Ancient Egyptian Afterlife - the journey begins.
How important was the ancient Egyptian afterlife?
Here's two signs that they took it rather seriously.
1. Massive amounts of manpower, economy and time were spent on building pyramids that loomed larger than life on the Egyptian landscape, when essentially they were gigantic tombs.
2. Mummification was an elaborate and costly procedure that was far more involved than today's comparatively simple funerals.
So why did the Egyptians go to so much trouble when someone died?
What was it that they were preparing for?
Let's explore what the Egyptians believed happened after death.
The ancient Egyptians believed in the body having a Ka, or spirit and after death the body would be reunited with the Ka. But only with the right procedures and spells in place.
After death the deceased faces a panel of judges where they will account for their time on earth.
He is then led by Anubis, the jackal-faced god, to the scales where his heart will be weighed against the feather of Maat, the Goddess of Truth and Justice. This is perhaps the most important trial in the deceased journey and is well documented in illustrations in Ancient texts.
If the heart outweighs the feather it is heavy with the evil doings of the deceased. This outcome is not a good one and the heart of the deceased will be devoured in the jaws of Amuut and he will face an eternity of oblivion.

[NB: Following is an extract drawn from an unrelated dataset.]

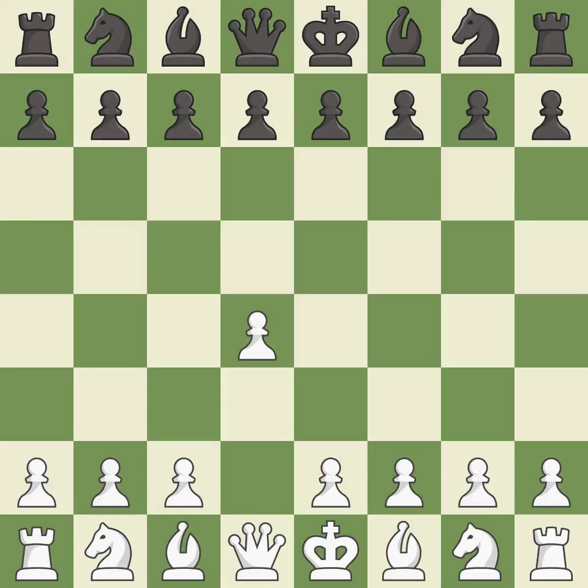Opening with the queen's pawn controls the center and usually leads to a more positional development of the pieces. The Indian game begins by controlling the important e4 square with the knight rather than a pawn. c4 builds a strong center by controlling the important d5 square and creates a square for the knight to come to c3 without blocking the c pawn.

If the heart does not outweigh the feather, the deceased will be able to pass through to Osiris. Illustrations on funerary scenes show that an Ibis-headed god, Thoth, is recording the results.
It is Horus that leads the deceased through to Osiris. Osiris waits with Isis and Nephthys and greets the deceased into the afterlife.
The deceased would now continue to live in the afterworld as they did in life. Their possessions would make the journey too, which is why the tombs were full of items important too the individual.
Food would be provided to provide nourishment to the deceased.
Spells were needed from the Book of the Dead. These were essential to pass through the many obstacles sent to test the deceased as they transitioned from life to death and then back to life again.
Eventually, they could continue to enjoy life as an invisible spirit moving among the living, but without the pain and hardships of the living world.
It seems that an ancient Egyptian afterlife was something to look forward to.